Azure AISearch – Indexing

Required Azure Role

Either one of these built-in roles (or a custom role with equivalent permissions):

  • Owner — full access including role assignments
  • Contributor — manage resources (no role assignments)

If role assignment is needed with Contributor, also grant User Access Administrator.

Azure Administration Tools / Interface

This guide uses the Azure Portal and a manual creation process.

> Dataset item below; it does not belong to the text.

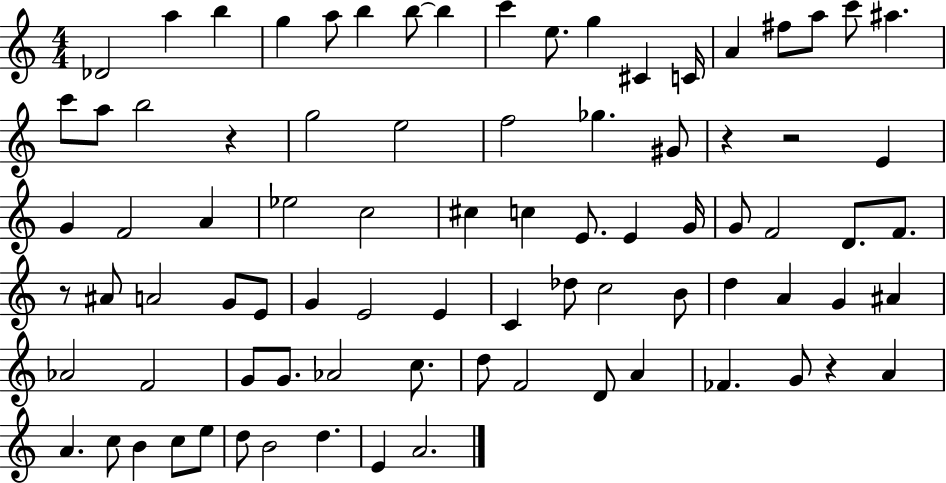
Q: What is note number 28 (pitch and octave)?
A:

Create and Manage Steps (Azure Portal)

  1. Click Import and vectorize data.
  1. Select Azure Blob Storage as the data source and choose the storage account created previously.
  1. Select the RAG scenario for indexing.
  1. Click on RAG and move to define the RAG. Remember the highlighted parameters that they need to be selected and also select “Enable deletion tracking”.
  1. On Vectorize your text, select your Azure OpenAI resource and choose the deployment text-embedding-ada-002. Pick authentication as API key or User assigned identity (define the identity if used).
  1. On Vectorize and enrich your images, leave defaults (current data scope has no images).
  1. In Advanced settings, enable Semantic ranker. Keep index fields as-is for now. Set an indexing schedule to match repository usage (e.g., every 10 minutes for busy repos, daily for low-change repos).
  1. Review configuration and click Create.
  1. Open the created Index and copy the Index name and Semantic configuration for use by OpenAI Chat Completions. Define these values in the Repository Administrator and the Azure App Service (bot backend).
  1. Go to the Indexer to verify run status and adjust scheduling or trigger manual runs as needed.

11.   Go to Indexer Settings, please ensure to setup these parameters. “Schedule” has to defined as per actual requirements on how fast new or updated repository contents should be indexed. Please note that AI agent would not have an access to updated/new contents from repository if they are not indexed. Enable indexer caching and select previously created storage account to keep the indexing caching data.

12.  Go to skillsets to make changes for performance and cost optimization . Select right skillset for indexer and update with suggested optimizations.

Update below skillsets fields as highlighted.

 

1. maximumPageLength – Define it to 3000

2. pageOverlapLength – Define it to 300

3. maximumPagesToTake – Define it to 10.